How a Materials Scientist Steps Out Of His Comfort Zone by Conducting Diverse Research Projects In a User Facility at NCSU

By Ben Crnic

Chung with one of the three X-ray diffractometers at AIF

Ching-Chang (“BB”) Chung, a 2014 alumnus of UConn’s doctoral program in Materials Science and Engineering (MSE), recently became a laboratory manager at North Carolina State University (NCSU) in the Analytical Instrumentation Facility (AIF). As lab manager, Dr. Chung manages X-ray diffraction (XRD) and micro/nano-CT laboratories. He also trains students on the instruments in the lab and assists them with their research, allowing him to work on a wide variety of materials with researchers from diverse fields.

Since Chung is exposed to a wide array of research topics, he constantly learns about new materials. Since becoming lab manager, he has worked with materials ranging from semiconductor thin films to insects.

“On a lucky day, I could be characterizing the crystallinity of polymer fibers in the morning and working on CT imaging of a dinosaur fossil in the afternoon,” said Chung.

Dr. Chung notes that transitioning from researcher to lab manager certainly had its challenges. Because he is often involved in fields that are completely outside his background, Chung struggled at first with tackling problems in areas of materials research with which he was unfamiliar.

“In the beginning it was very challenging, but with the accumulation of experience, I have become more confident with different materials,” he said.

Chung also enjoys the networking opportunities that his exposure to a diverse range of research projects affords him. He collaborates with researchers from across the globe, many of whom he now regards as friends.

Chung describes his work as “a perfect way to build a strong international network.”

As lab manager, Chung doesn’t only learn about new materials. He also teaches researchers about how to work with their materials.

“It is fairly important to help people, especially those without an engineering background, to understand the principles of XRD and micro-CT, the limits of their materials and what their data means, etc.” said Chung.

Of course, explaining the theoretical underpinnings of XRD and micro-CT to those with no materials science and engineering background is no easy task. Since only a certain number of researchers who use his lab have such background, Chung is constantly trying to improve the way he explains the applications of these techniques.
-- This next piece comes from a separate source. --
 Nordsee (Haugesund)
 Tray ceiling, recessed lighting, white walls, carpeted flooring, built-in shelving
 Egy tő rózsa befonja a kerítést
Chung typically spends half of his day in the laboratory interacting with researchers and explaining to them how to use the XRD equipment. He also helps them design their experiments and perform measurements, and even assists them in interpreting their results. He devotes the rest of his time to his own research and collaborative projects.  Much of this research focuses on functional oxides, especially ferroelectrics. Eventually though, Chung wants to shift about 50 percent of his research to the applications of XRD and micro-CT analytical methods to other materials.

During his time at UConn as a graduate student, Chung’s research also focused on ferroelectrics, but he also had a passion for materials characterization. Since UConn’s MSE faculty are well known for their research on both ferroelectrics and analytical materials characterization techniques, UConn was a natural fit for Chung when the time came to select a graduate school. He ultimately chose UConn because of the active research environment, as well as because of its beautiful campus.
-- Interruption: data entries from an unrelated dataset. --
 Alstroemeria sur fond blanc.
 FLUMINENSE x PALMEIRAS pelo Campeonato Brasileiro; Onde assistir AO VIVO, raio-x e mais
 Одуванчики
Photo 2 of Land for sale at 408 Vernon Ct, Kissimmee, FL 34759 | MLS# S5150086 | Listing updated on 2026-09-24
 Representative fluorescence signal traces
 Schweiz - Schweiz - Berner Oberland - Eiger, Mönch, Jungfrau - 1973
Chung believes that he learned many important skills at UConn.

 “Aside from the knowledge and technical skills I obtained during my Ph.D. training, the most important transferable skills that I gained that helped me transition to the real world were critical thinking and problem solving,” Chung said.

He also benefited from his experiences as a teaching assistant. Indeed, teaching is an important aspect of his duties in his current position.

Chung still keeps in touch with his UConn mentors, especially his dissertation advisor, MSE Associate Department Head George Rossetti

 “So many years after, we still keep in close contact with each other and continue to collaborate on research projects,” said Chung.

After graduating from UConn, Chung joined the research group of Professor Jacob Jones , who directs the AIF at NCSU, and was one of Rossetti’s research collaborators at the time.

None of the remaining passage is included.